The retail industry’s children’s apparel segment took a turn for the worse last week, as The Gymboree Corp. filed for bankruptcy and Ascena Retail Group, parent of tween brand Justice, said it would close stores across its portfolio.
San Francisco-based Gymboree is aiming to reduce its debt load t by more than $900 million, and in a statement said it plans to close more than 350 stores as a result of its restructuring (out of a total of 1,281). Ascena is expected to close between 650 and 667 stores across its 4,878-unit portfolio. It is unclear how many Justice stores will be affected by the move.
Retail real estate professionals often have starkly different views on the current state of malls and shopping centers: Is e-commerce killing traditional retail and threatening shopping centers or not? The answer might not be a simple ‘yes’ or ‘no,’ but Ascena executives minced no words in attributing the loss to fewer brick-and-mortar visits.
In an overview of results from its third quarter, which ended on April 29, Mahwah, N.J.-based Ascena noted that total company net sales had dropped to $1.5 billion, an 8.0 percent decrease from the previous quarter. Store traffic was down to low double digits across all of its major business segments, including premium fashion, value fashion and plus-size fashion, according to a company statement.
Tween-centered Justice is one of several apparel brands in its stable. The brand was once a leader in its segment, a place where every tween girl in America thought she needed to shop, says Jan Kniffen, CEO of J. Rogers Kniffen Worldwide Enterprises, an equity research and financial management consulting firm specializing in retail.
In recent years, however, it has faced competition from Carter’s and The Children’s Place, which moved its stores out of malls and improved fashion, pricing and supply chain management. Discount players like Target and H&M have either improved existing or launched new tween apparel departments as well, taken a huge bite out of Justice’s once- huge slice of the tween pie. Another core issue that all children’s and tween apparel retailers must grapple with is pricing pressure, Kniffen notes.

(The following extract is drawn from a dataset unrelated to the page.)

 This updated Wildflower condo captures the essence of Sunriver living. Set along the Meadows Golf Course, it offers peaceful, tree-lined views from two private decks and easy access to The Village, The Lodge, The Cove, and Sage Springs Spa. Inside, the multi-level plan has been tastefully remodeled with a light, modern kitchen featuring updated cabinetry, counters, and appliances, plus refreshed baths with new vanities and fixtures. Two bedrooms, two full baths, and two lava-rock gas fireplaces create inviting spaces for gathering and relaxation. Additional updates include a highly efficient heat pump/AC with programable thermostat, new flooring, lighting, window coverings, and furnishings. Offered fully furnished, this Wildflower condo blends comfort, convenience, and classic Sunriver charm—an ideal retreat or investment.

“It is a tough business. People don’t like to pay up for children’s clothes,” he says. “They don’t last long enough. Children grow out of them. They wreck them. Price has always been extraordinarily important.”
So important, that the average price of an outfit from a children’s or tween apparel retailer has dropped by 40 percent in the last 10 years. Ascena has tried to ease this pricing pressure—across all of its brands—by assembling different retail brands and reducing back-shop costs, Kniffen notes.
“It is a great strategy, but the bad news is the brands haven’t done that well. The reasons are pretty much the same.”
For mall landlords, these latest developments continue a stream of gloomy news that has flowed through the sector all year. The industry has seen about 250 percent more store closures year-to-date than it had for all of 2016, says Kniffen.
Green Street Advisors, a Newport Beach, Calif.-based research firm, reduced its forecasts for non-anchor retail occupancy for 2017 and 2018 by 60 basis points, according to its latest mall sector update. The effect on malls will depend on how strong they were to begin with, according to Green Street analysts.
As expected, the closings will hit lower quality malls hard by adding yet more supply to the already over-saturated market. The firm expects fundamentals at those centers to continue deteriorating. Market rent growth at highly productive class-A malls, on the other hand, should outpace retail sales, according to Green Street.
Given the current retail sector conditions, Green Street Advisors has reduced its same-property net operating income (NOI) expectations for the next two and a half years. Its expectations are as follows:
In 2017, a 2.6 percent same-property NOI is expected, down from 3.3 percent
In 2018, a 2.5 percent same-property NOI is expected, down from 3.2 percent
In 2019, a 2.8 percent same-property NOI is expected, down from 2.9 percent
While Green Streets’ research indicates that losses in same-property NOI might slow down by 2019, retail experts expect the mall sector to continue to feel the effects of changes in retail demand beyond that.
Kniffen predicts that about 400 malls will close by 2030. For the remaining malls, whether they are class-B or class-A centers, a much different future awaits.